Monday, 4 May 2026

Kurt Vonnegut, Jr. - Timequake (1997)


 

This was his final novel, and I'm calling it a novel regardless of ambiguity on the grounds of its predecessors being novels. It began life as the tale of a timequake, causing time to slip backwards a decade, then start again, obliging everyone to relive the previous ten years one moment at a time without being able to change anything. Unfortunately it just didn't want to be written so the author eventually cannibalised it and made a stew incorporating autobiographical elements. You could call it an autobiography or an extended essay, but novel works just as well. Kilgore Trout from Slaughterhouse Five features heavily, as do many, many short sketches of his stories, regarding which - in case you can't be arsed to skip back to August 2024:


Kilgore Trout was more or less invented by a friend of mine, Knox Burger, who was my editor in the early days. He did not suggest that I do this, but he said, you know, the problem with science-fiction? It's much more fun to hear someone tell the story of the book than to read the story itself. And it's true: If you paraphrase a science-fiction story, it comes out as a very elegant joke, and it's over in a minute or so. It's a tedious business to read all the surrounding material. So I started summarizing, and I suppose I've now summarized fifty novels I will never have to write, and spared people the reading of them.


It works pretty much as autobiography, even with the fiction embedded, and honestly isn't much different to Slaughterhouse Five, to which it might be deemed a sequel, I suppose.

Vonnegut's recycling of his own incomplete material is inspired, with the timequake itself serving as metaphor to the ageing process and its shifting emphasis on memory - the author being well into his seventies and duly reflective by this point. As a slightly jazzy thesis on memory and the passage of time, the book also serves to illustrate the slow disintegration of culture during the twentieth century, not so much for the sake of shaking a fist at clouds, but a lament at our having lost sight - as we most certainly have - of what makes it fun.
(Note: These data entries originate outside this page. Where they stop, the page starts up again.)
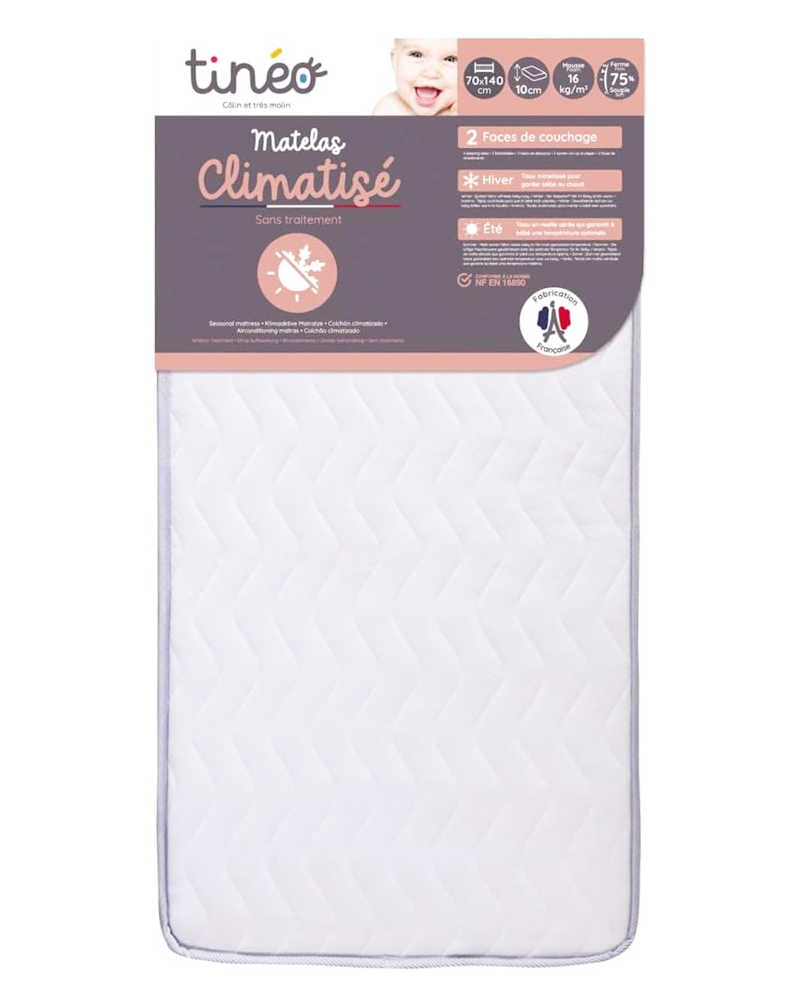 Tinéo Colchón para bebé con aire acondicionado 70x140cm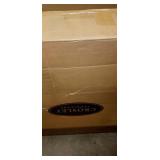 Everett Mahogany Finish Media Console - 44"W x 18"D x 34.25"H- Retail:$339.99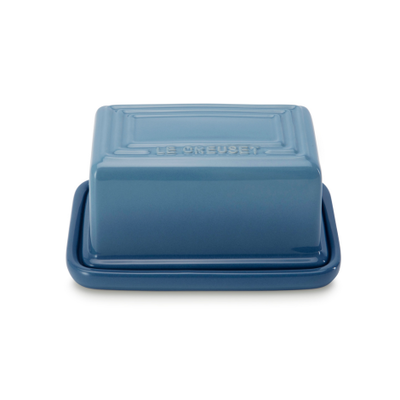 Le Creuset Stoneware Large Butter Dish Chambray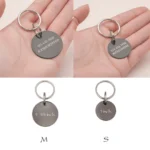 Personalized Dog ID Tags - Custom Engraved Pet Name Tags - Black Stainless Steel Dog Collar Tag for Dogs - Waterproof Durable - Image 3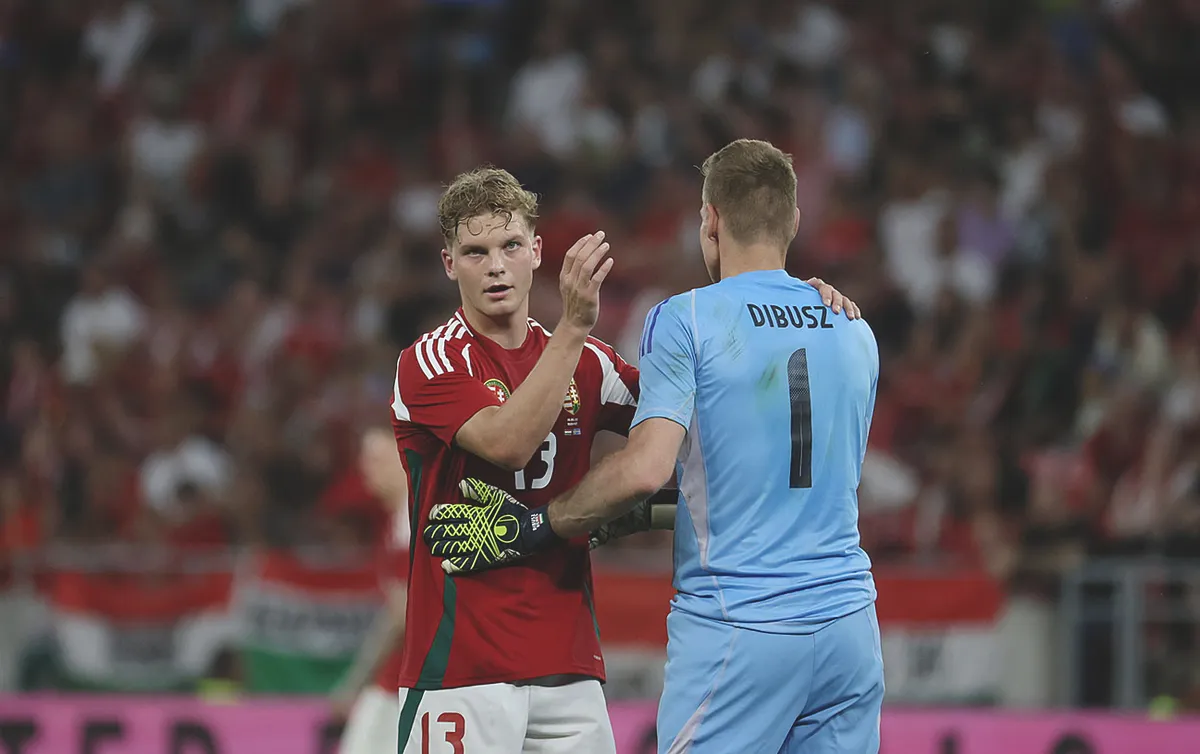 Magyarország – Svédország, MagyarországSvédország, Magyar válogatott, barátságos válogatott-mérkőzés, foci, labdarúgás, Magyar labdarúgó-válogatott, Magyarlabdarúgóválogatott, UEFA Nemzetek Ligája, Puskás Aréna, Budapest, 2025.06.06.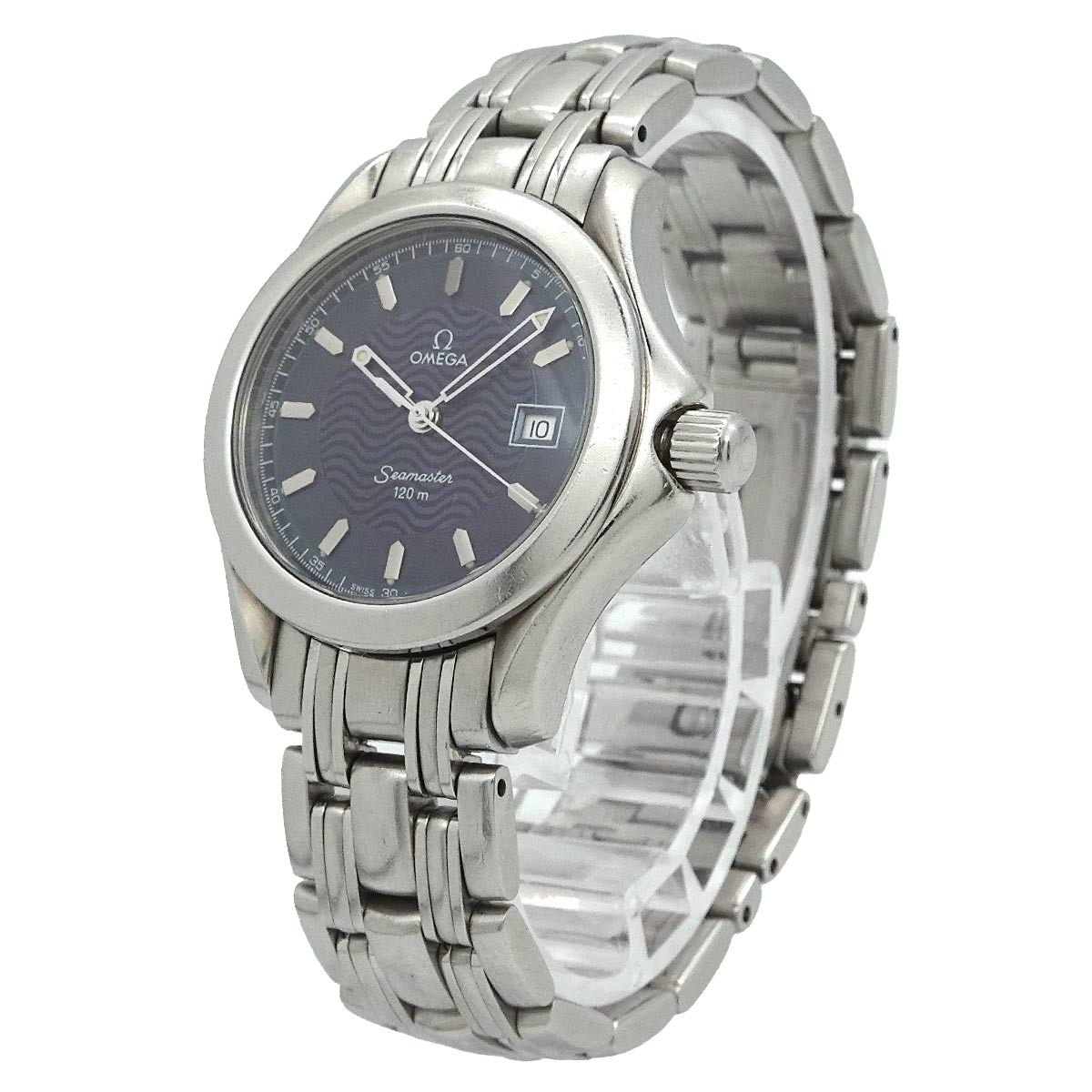 Seamaster 120 Date 2571 81 Quartz Blue Dial Ladies Watch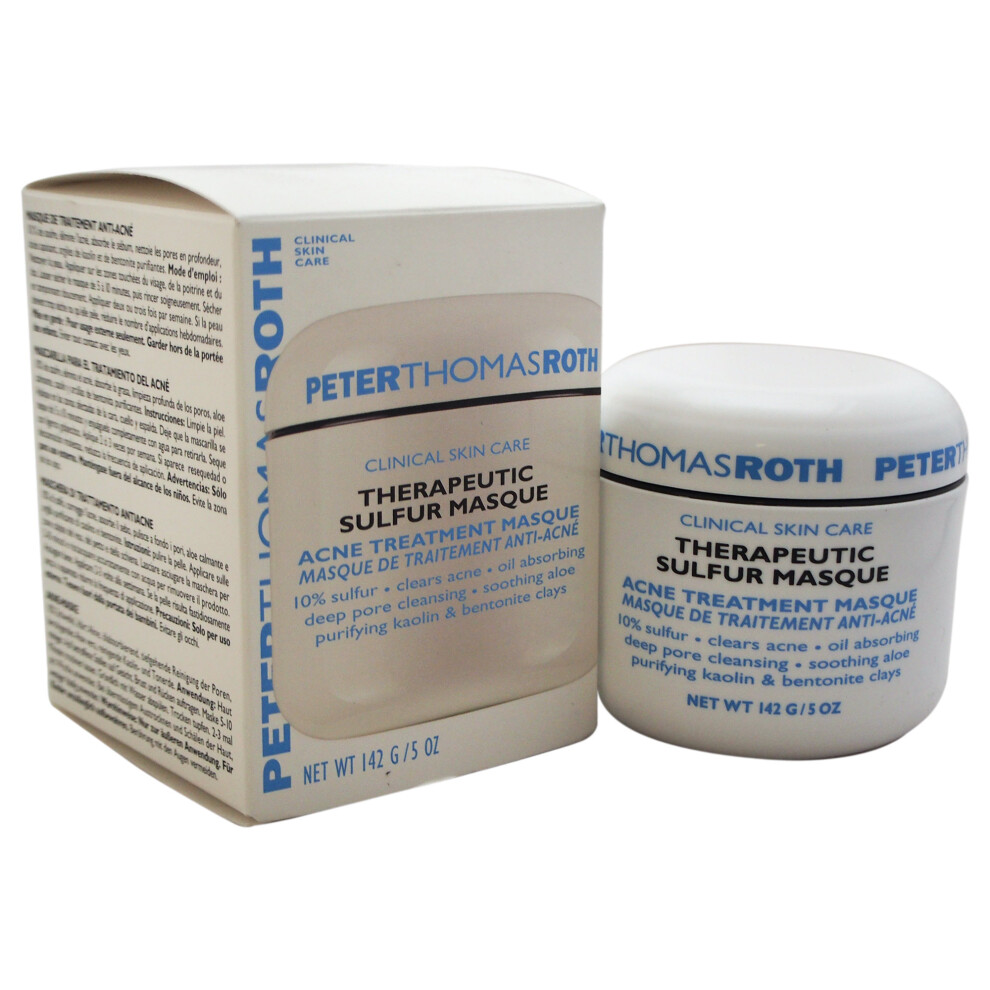 Therapeutic Sulfur Masque by Peter Thomas Roth for Unisex - 5 oz Treatment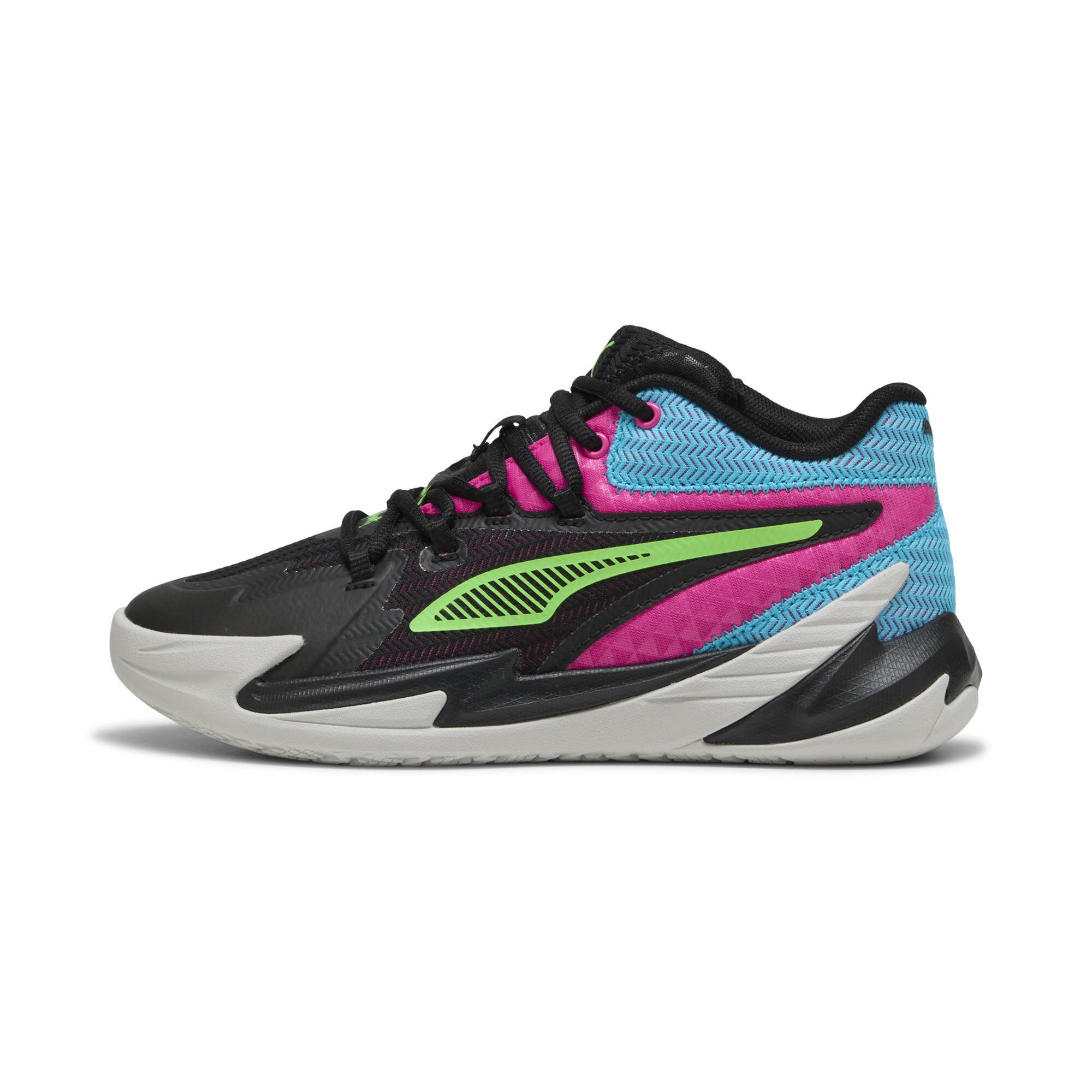 Puma The Dagger Basketballschuhe Teenager Für Für Kinder | Mit Plain | Black/Pink Pes | Größe: 37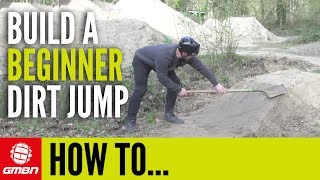 How To Build A Beginner Mountain Bike Dirt Jump [upl. by Reywas]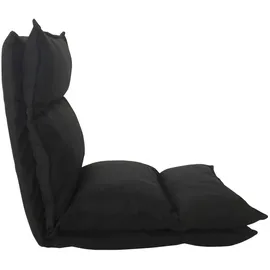 Mobili Rebecca – Rebecca Mobili Strandstuhl Outdoor, Bodenstuhl Schwarz, Polyester, 70x56x70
Contrary to the publicity, this isn't a bunch of random observations indulgently slung together but a very clear and direct summary of our world interspersed with jokes and asides, specifically because jokes and asides - and even throwaway synopses for science-fiction tales which will never be written - are the details which matter most. It's sad, funny and, as always, thought provoking.

I'm a bit disappointed there wasn't much about James Blocker and his ongoing fight with the Droon from Rigel, but you can't have everything.